• _Directions for this task_:
The listing below should be printed exactly, though its pictures must not be.

• _Provided records_:
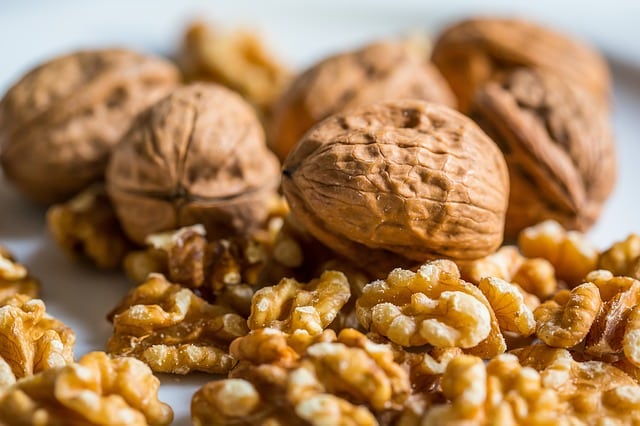 Propiedades de las NUECES (7 motivos para comer nueces a diario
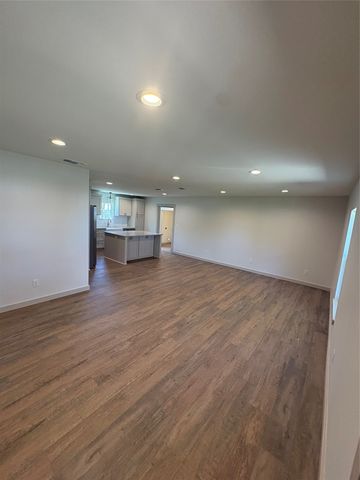 1047 Davis Street N, Sulphur Springs, TX 75482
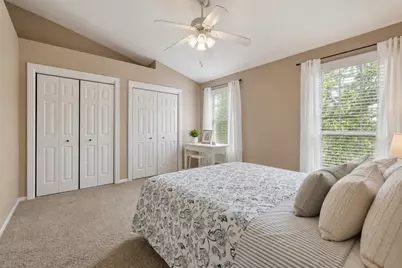 121 Golfview Drive, Glendale Heights, IL 60139 - Photo 10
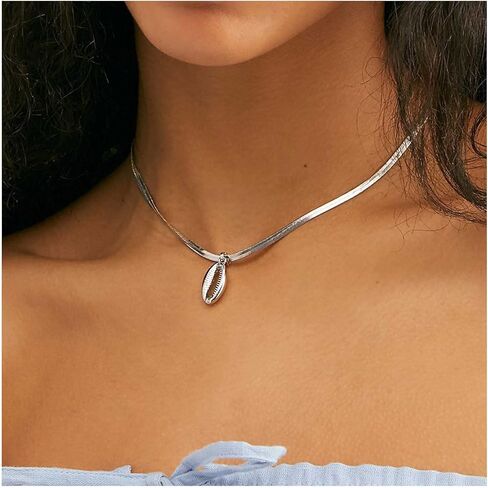 Vintage Puka Shell Choker Necklace Silver Cowrie Shell Pendant Necklace Chain Punk Snake Chain Necklace Summer Cowrie Shell Necklace for Women in Saudi Arabia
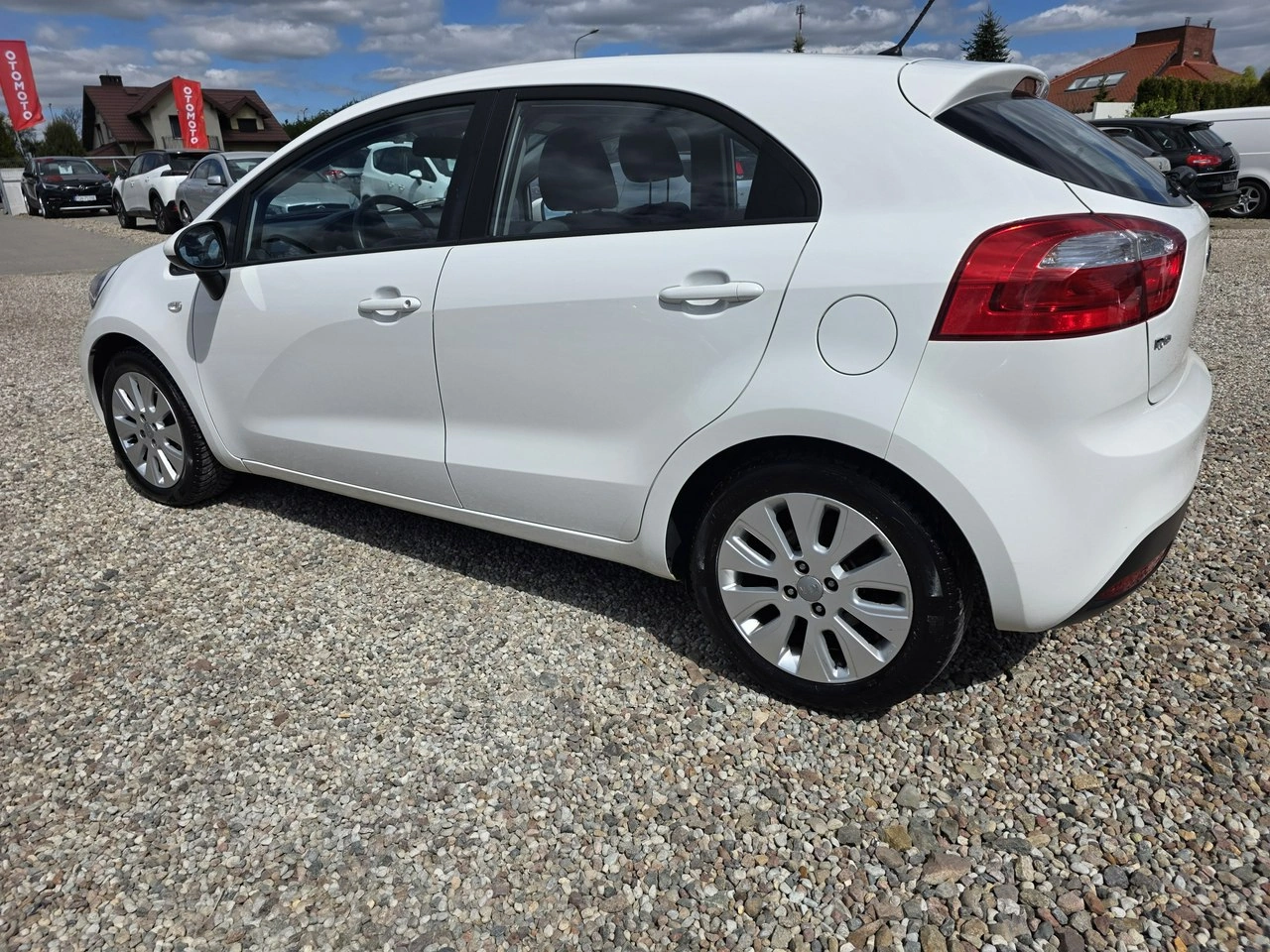 Kia Rio - Zdjęcie 17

• _Answer space_:
 Propiedades de las NUECES (7 motivos para comer nueces a diario
 1047 Davis Street N, Sulphur Springs, TX 75482
 121 Golfview Drive, Glendale Heights, IL 60139 - Photo 10
 Vintage Puka Shell Choker Necklace Silver Cowrie Shell Pendant Necklace Chain Punk Snake Chain Necklace Summer Cowrie Shell Necklace for Women in Saudi Arabia
 Kia Rio - Zdjęcie 17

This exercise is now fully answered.